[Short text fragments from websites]
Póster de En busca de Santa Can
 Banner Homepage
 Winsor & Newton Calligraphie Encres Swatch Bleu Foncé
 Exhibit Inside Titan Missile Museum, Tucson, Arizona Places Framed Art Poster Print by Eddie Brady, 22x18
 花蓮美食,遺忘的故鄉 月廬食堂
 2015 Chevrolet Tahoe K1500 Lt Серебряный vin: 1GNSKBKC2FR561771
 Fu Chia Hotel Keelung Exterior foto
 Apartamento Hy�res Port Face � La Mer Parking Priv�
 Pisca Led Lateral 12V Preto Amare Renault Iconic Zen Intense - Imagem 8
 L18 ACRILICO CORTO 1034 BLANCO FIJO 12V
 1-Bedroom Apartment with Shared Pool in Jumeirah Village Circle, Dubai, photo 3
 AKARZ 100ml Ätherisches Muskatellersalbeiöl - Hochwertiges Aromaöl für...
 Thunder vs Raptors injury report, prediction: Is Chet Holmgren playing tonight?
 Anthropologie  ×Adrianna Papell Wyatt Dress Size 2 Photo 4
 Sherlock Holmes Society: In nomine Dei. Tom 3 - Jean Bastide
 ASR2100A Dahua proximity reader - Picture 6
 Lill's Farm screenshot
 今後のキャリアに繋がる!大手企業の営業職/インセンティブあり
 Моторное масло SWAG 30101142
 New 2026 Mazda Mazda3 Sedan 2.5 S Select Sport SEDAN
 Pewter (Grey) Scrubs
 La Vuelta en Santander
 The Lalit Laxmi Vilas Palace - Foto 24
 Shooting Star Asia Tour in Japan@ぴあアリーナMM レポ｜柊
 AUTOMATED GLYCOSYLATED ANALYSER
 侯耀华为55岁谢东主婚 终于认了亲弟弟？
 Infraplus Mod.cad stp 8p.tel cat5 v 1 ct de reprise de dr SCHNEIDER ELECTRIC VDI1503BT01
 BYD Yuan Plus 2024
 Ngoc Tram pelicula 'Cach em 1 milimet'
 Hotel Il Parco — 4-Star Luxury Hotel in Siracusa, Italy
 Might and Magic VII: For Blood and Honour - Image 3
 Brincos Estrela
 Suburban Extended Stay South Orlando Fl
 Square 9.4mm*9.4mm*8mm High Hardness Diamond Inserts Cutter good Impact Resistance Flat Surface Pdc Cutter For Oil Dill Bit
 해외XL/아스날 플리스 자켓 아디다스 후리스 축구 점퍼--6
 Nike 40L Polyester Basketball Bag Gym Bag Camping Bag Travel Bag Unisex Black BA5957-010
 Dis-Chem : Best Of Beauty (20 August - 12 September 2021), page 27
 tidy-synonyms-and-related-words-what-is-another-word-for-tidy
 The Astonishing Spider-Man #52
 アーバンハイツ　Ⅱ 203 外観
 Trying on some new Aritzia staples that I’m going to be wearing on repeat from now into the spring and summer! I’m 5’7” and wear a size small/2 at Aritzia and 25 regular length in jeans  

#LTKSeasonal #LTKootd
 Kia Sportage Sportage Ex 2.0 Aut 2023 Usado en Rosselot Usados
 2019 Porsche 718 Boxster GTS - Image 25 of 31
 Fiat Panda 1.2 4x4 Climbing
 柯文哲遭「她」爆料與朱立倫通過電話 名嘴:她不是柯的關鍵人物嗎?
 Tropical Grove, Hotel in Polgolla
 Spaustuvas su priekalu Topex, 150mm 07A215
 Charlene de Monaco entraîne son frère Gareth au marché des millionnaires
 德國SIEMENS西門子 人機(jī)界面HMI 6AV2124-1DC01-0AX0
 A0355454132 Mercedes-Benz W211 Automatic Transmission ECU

* _WORK ITEM_
Looking at the entries above, can you reproduce exactly the lines from the one that holds "2015 Chevrolet Tahoe" through the one that holds "Lill's Farm screenshot", and only those?

* _SOLUTION_
 2015 Chevrolet Tahoe K1500 Lt Серебряный vin: 1GNSKBKC2FR561771
 Fu Chia Hotel Keelung Exterior foto
 Apartamento Hy�res Port Face � La Mer Parking Priv�
 Pisca Led Lateral 12V Preto Amare Renault Iconic Zen Intense - Imagem 8
 L18 ACRILICO CORTO 1034 BLANCO FIJO 12V
 1-Bedroom Apartment with Shared Pool in Jumeirah Village Circle, Dubai, photo 3
 AKARZ 100ml Ätherisches Muskatellersalbeiöl - Hochwertiges Aromaöl für...
 Thunder vs Raptors injury report, prediction: Is Chet Holmgren playing tonight?
 Anthropologie  ×Adrianna Papell Wyatt Dress Size 2 Photo 4
 Sherlock Holmes Society: In nomine Dei. Tom 3 - Jean Bastide
 ASR2100A Dahua proximity reader - Picture 6
 Lill's Farm screenshot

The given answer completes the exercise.